Focus selective effort on alarms with lower severity (Minor and below) or lower fidelity (Medium 
and below). Administrators must first understand the security and operation impact of these alarms 
in order to outline the priority list. With this list, administrators can prioritize on validating and 
mitigation effort if needed. For example, the DoS: De-Auth flood alarm is one such alarm. Its 
fidelity level is Medium because it is threshold-based. But its severity is Critical because this attack 
will cause the legitimate client lose connectivity. In case of such alarms, administrators must 
validate whether it is false positive through troubleshooting. Then proceed with mitigation if 
needed.
4.
Ignore or turn off alarms with the combination of low severity (Minor and below) and low fidelity 
(Medium and below). For example, the NetStumbler detected alarm is one such alarm. From the 
field experience, it can be easily triggered by some chatty clients that send a large number of probe 
requests. It is a threshold-based alarm. Even if it is triggered, it does not mean that devices using the 
Netstumbler tool are detected.
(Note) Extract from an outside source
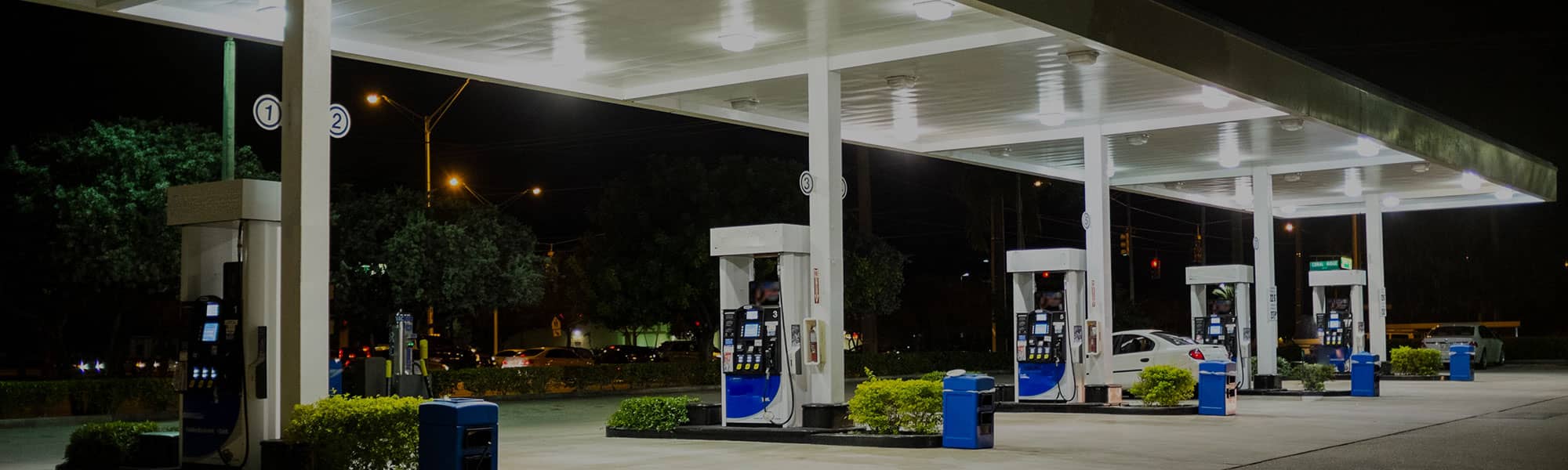 Petrol station forecourt at night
For administrators, it is fairly safe to ignore or even turn off this 
alarm.
5.
Tune on threshold-based alarms if necessary. As discussed earlier, threshold-based alarms tend to 
trigger false positives. It requires administrators to adjust the threshold for some false positive 
scenarios. For example, the DoS: CTS flood alarm is one such alarm. In a mixed deployment of 
802.11n and non-802.11n devices, CTS-to-Self frames of protection scheme for non-802.11n 
devices tend to trigger false positives for this alarm. In such cases, administrators should increase 
the threshold value to avoid this alarm being triggered in the future. 
6.
Auto mitigation action should be implemented only for alarms with the combination of high severity 
(above Major) and high fidelity (above High). For example, for any devices using your corporate 
SSIDS that trigger Honeypot AP detected alarms, administrators can implement containment as 
action to automate the mitigation effort. On the other hand, for alarms such as Hotspotter tool 
detected
 with Minor severity, it is not necessary to implement the containment action.
7.
Study WIPS alarm trending and history to identify the “usual suspects” as baseline. Then proceed 
with troubleshooting, tuning, and mitigation if needed.
Given the dynamic nature of a wireless environment, WIPS monitoring and tuning is an on-going 
process. To study WIPS alarms trending and history, you can use the following two methods:
Leverage PI native report templates for WIPS alarms.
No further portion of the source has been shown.